§ What you need to do
What you return should be the lines from the one with "I wish you tons" through the one with "This is a 2007" in the data below, reproduced exactly with both ends, and no pictures at all.

§ Records for this exercise

• • • • •

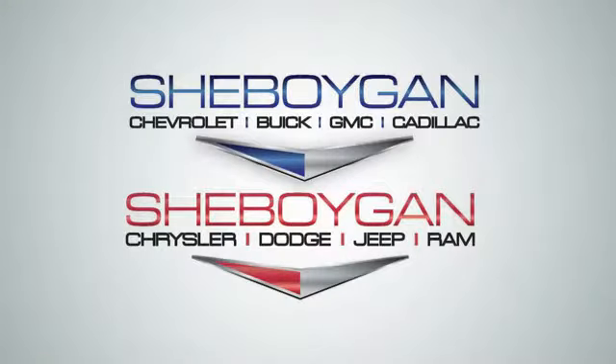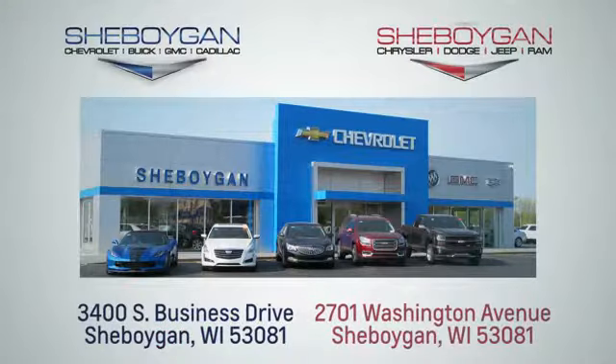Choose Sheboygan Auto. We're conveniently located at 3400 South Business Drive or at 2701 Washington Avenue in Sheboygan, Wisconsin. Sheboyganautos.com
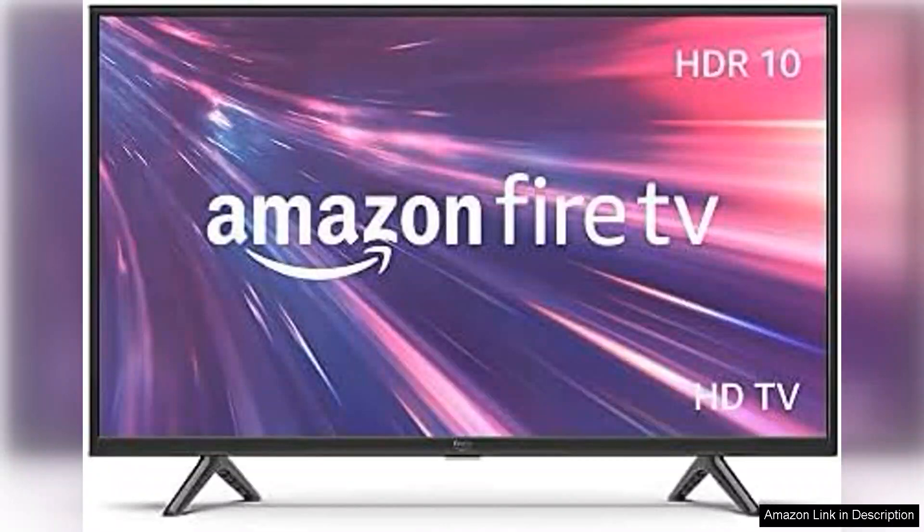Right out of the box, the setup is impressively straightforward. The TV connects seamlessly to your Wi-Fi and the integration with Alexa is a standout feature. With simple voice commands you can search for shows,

• • • • •

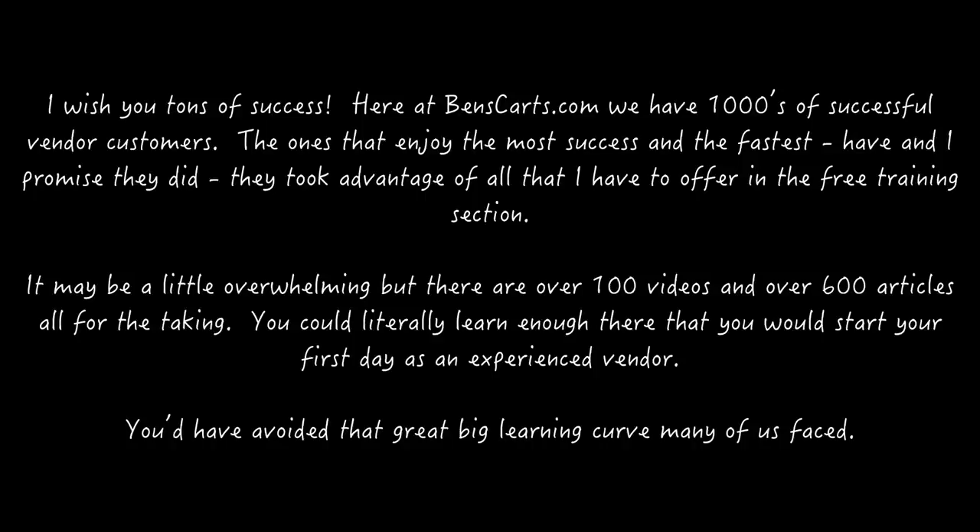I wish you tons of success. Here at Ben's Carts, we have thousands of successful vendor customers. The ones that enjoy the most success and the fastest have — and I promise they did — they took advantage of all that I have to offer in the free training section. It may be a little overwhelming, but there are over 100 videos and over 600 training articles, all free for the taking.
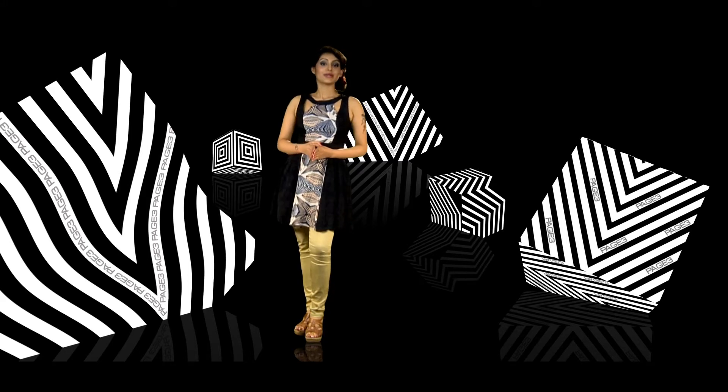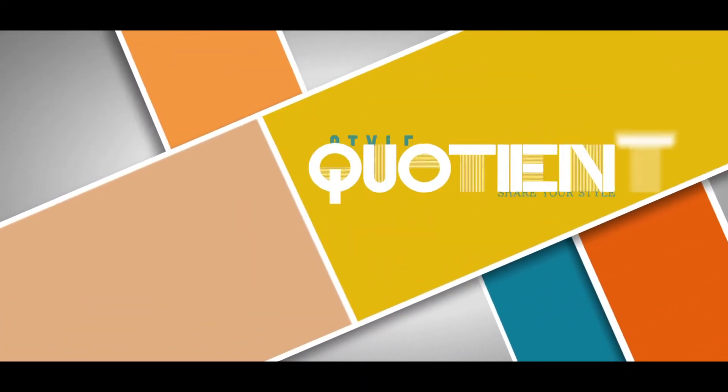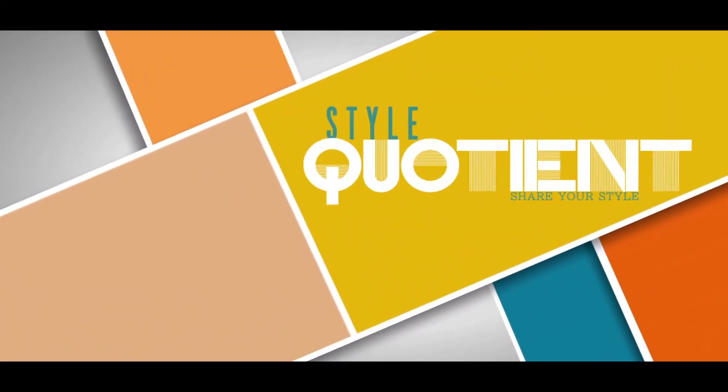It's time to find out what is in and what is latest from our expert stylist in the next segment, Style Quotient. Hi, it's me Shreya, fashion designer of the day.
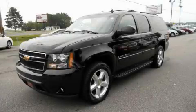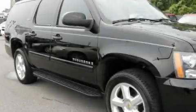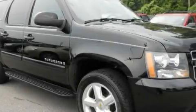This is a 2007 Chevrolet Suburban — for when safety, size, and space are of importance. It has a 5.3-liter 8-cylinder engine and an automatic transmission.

• • • • •

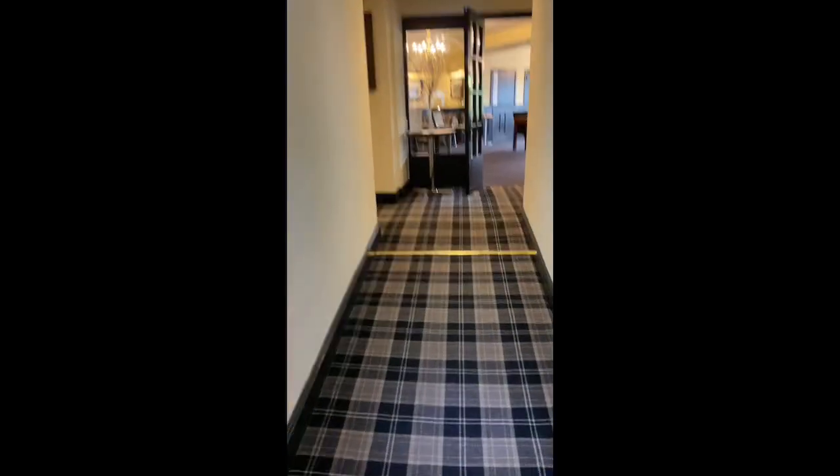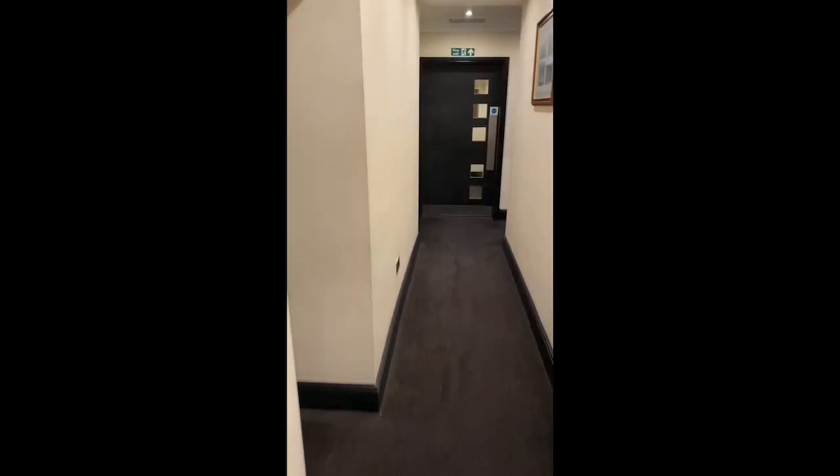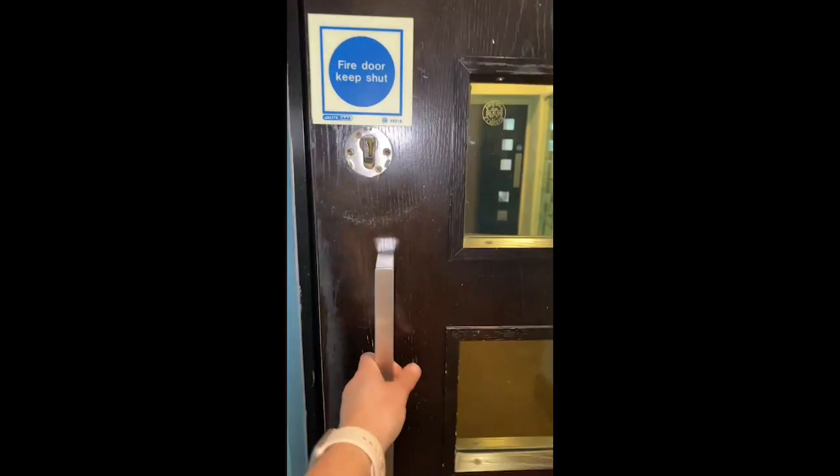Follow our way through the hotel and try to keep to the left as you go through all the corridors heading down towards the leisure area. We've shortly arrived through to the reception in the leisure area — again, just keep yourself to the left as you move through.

• • • • •

§ Solution for this problem
I wish you tons of success. Here at Ben's Carts, we have thousands of successful vendor customers. The ones that enjoy the most success and the fastest have — and I promise they did — they took advantage of all that I have to offer in the free training section. It may be a little overwhelming, but there are over 100 videos and over 600 training articles, all free for the taking.
It's time to find out what is in and what is latest from our expert stylist in the next segment, Style Quotient. Hi, it's me Shreya, fashion designer of the day.
This is a 2007 Chevrolet Suburban — for when safety, size, and space are of importance. It has a 5.3-liter 8-cylinder engine and an automatic transmission.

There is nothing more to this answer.